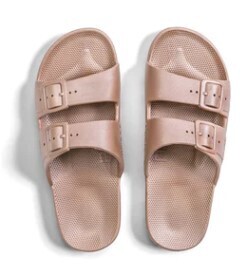 FREEDOM MOSES - Slipper - Jupiter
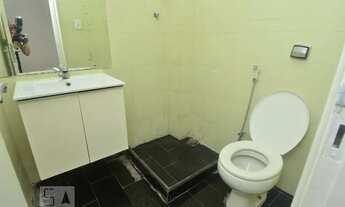 Imagem 8: Apartamento para Aluguel - Copacabana, 1 Quarto, 43 m2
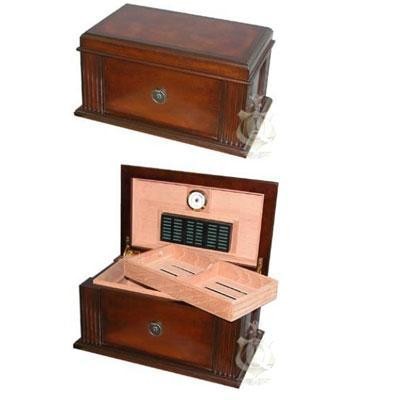 Amalfi Cigar Humidor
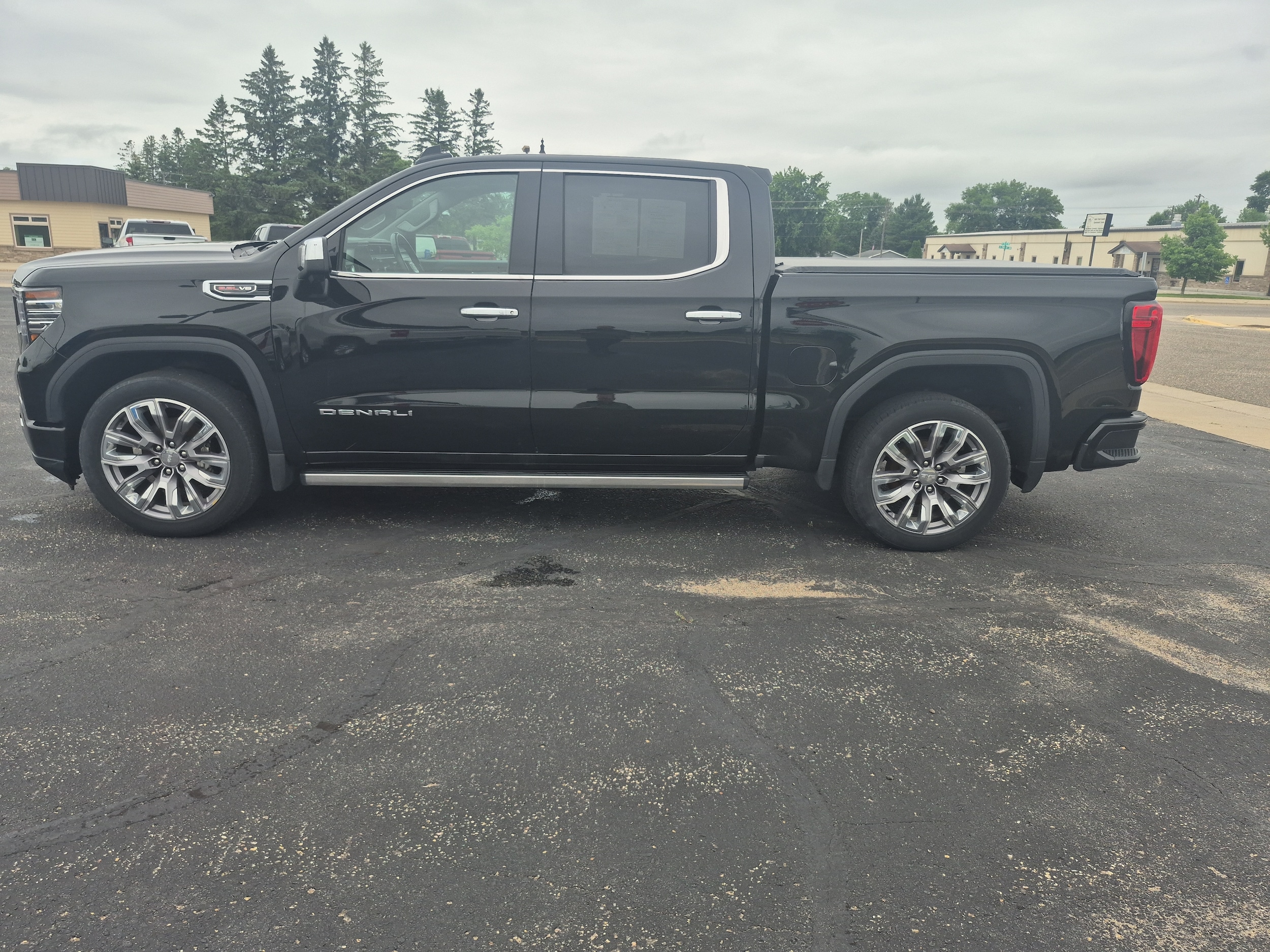 2023 GMC Sierra 1500 Denali Denali - Photo 8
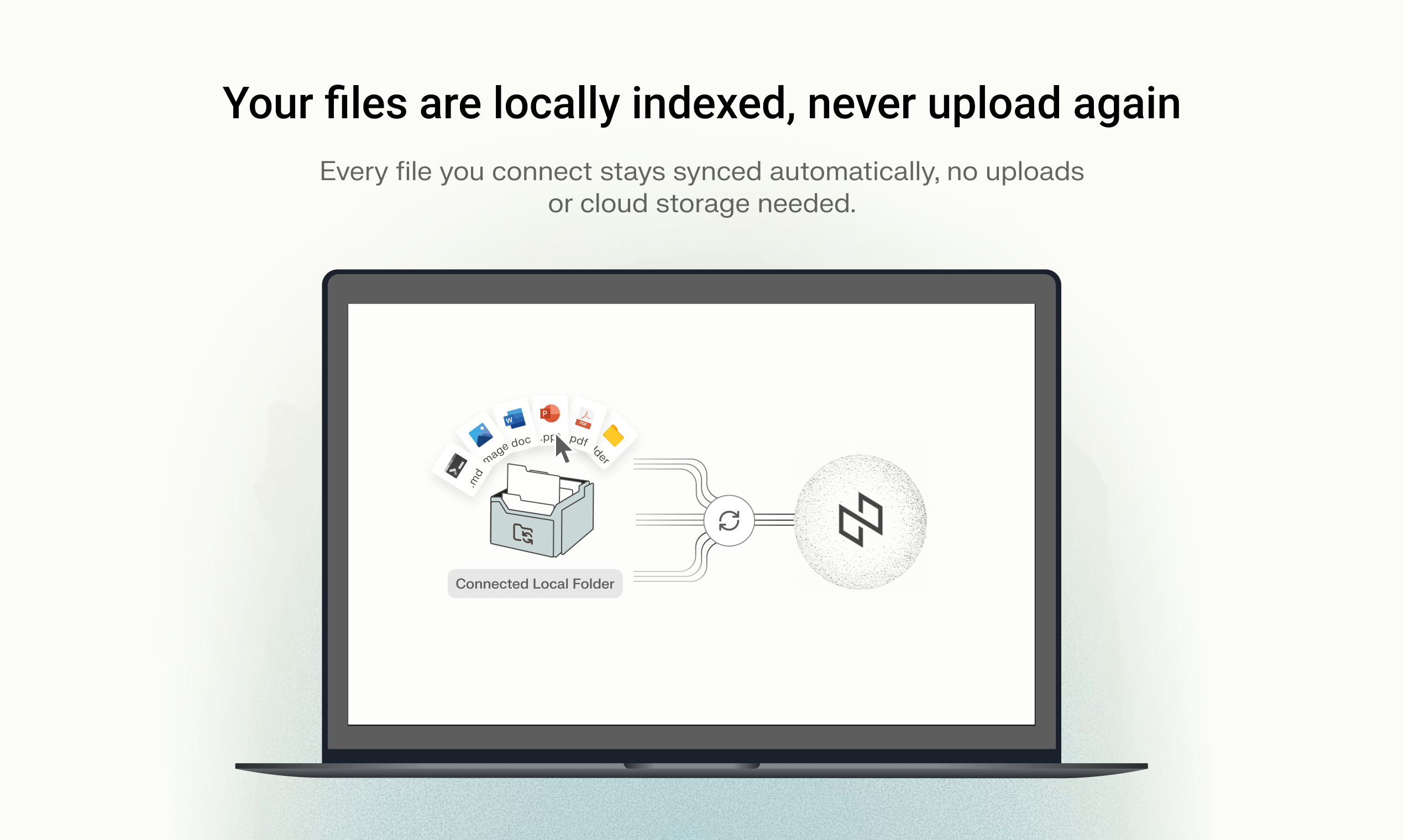 Hyperlink by Nexa AI gallery image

+ + + + +

| Work required |
The result should be the full listing, retyped exactly and free of pictures.

| Response to this exercise |
 FREEDOM MOSES - Slipper - Jupiter
 Imagem 8: Apartamento para Aluguel - Copacabana, 1 Quarto, 43 m2
 Amalfi Cigar Humidor
 2023 GMC Sierra 1500 Denali Denali - Photo 8
 Hyperlink by Nexa AI gallery image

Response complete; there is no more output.